▸ Exercise instructions
The full listing should be written out verbatim, and its images should be dropped.

▸ Information supplied
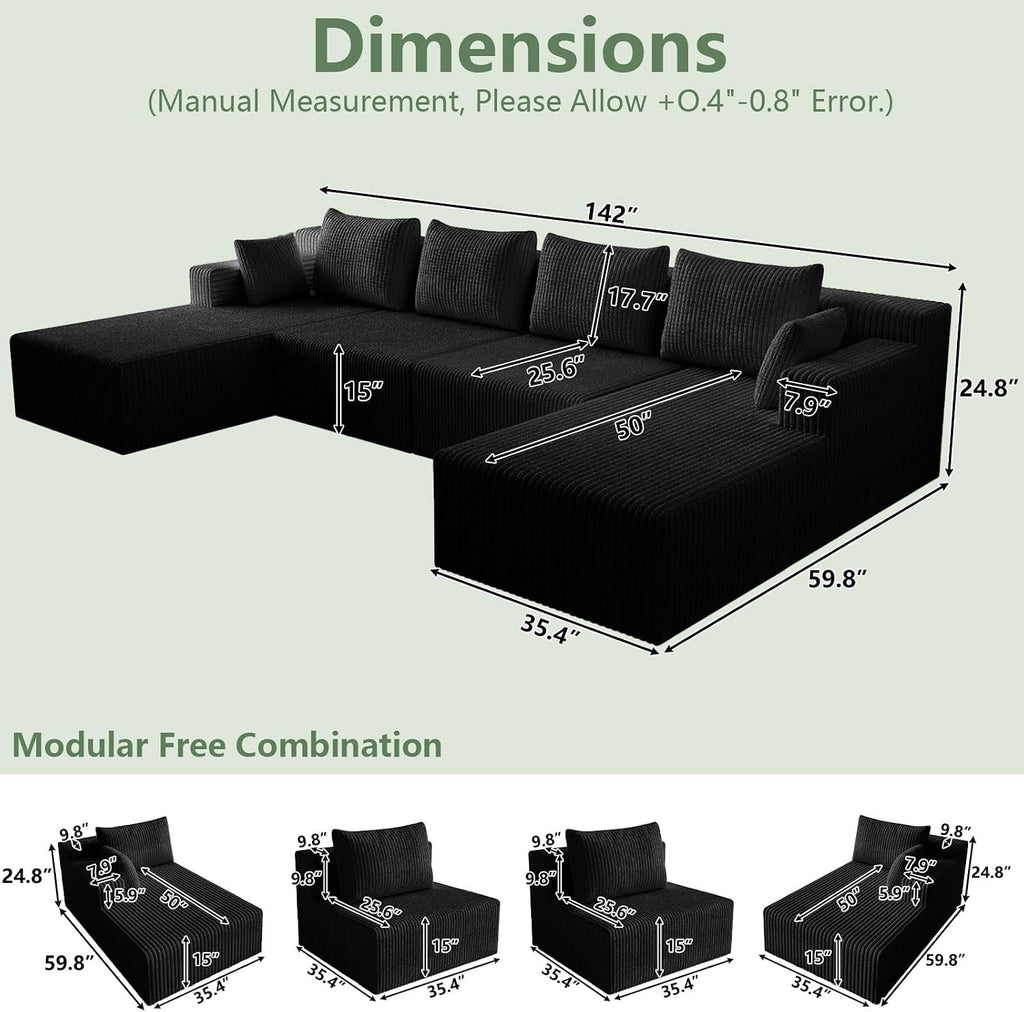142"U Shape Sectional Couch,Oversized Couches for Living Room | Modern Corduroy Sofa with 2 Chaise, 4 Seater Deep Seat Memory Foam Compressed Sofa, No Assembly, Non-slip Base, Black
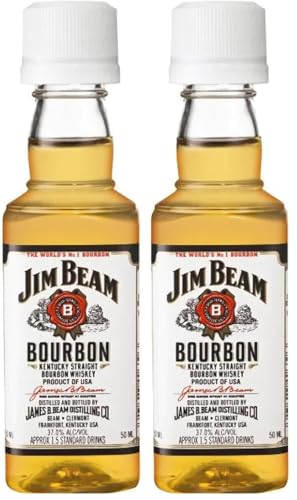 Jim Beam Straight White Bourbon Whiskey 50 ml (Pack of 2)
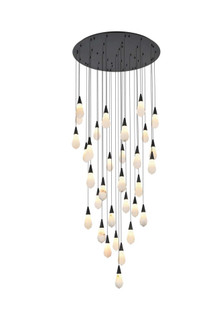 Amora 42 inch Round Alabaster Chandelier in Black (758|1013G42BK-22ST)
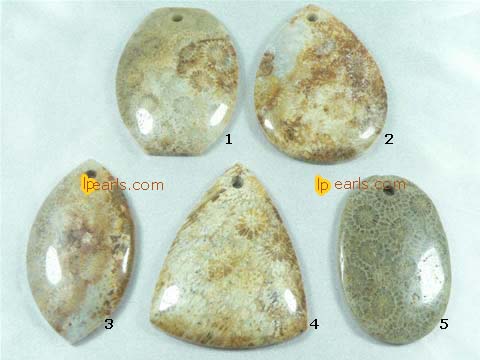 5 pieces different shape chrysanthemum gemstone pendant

▸ Final answer
142"U Shape Sectional Couch,Oversized Couches for Living Room | Modern Corduroy Sofa with 2 Chaise, 4 Seater Deep Seat Memory Foam Compressed Sofa, No Assembly, Non-slip Base, Black
 Jim Beam Straight White Bourbon Whiskey 50 ml (Pack of 2)
 Amora 42 inch Round Alabaster Chandelier in Black (758|1013G42BK-22ST)
 5 pieces different shape chrysanthemum gemstone pendant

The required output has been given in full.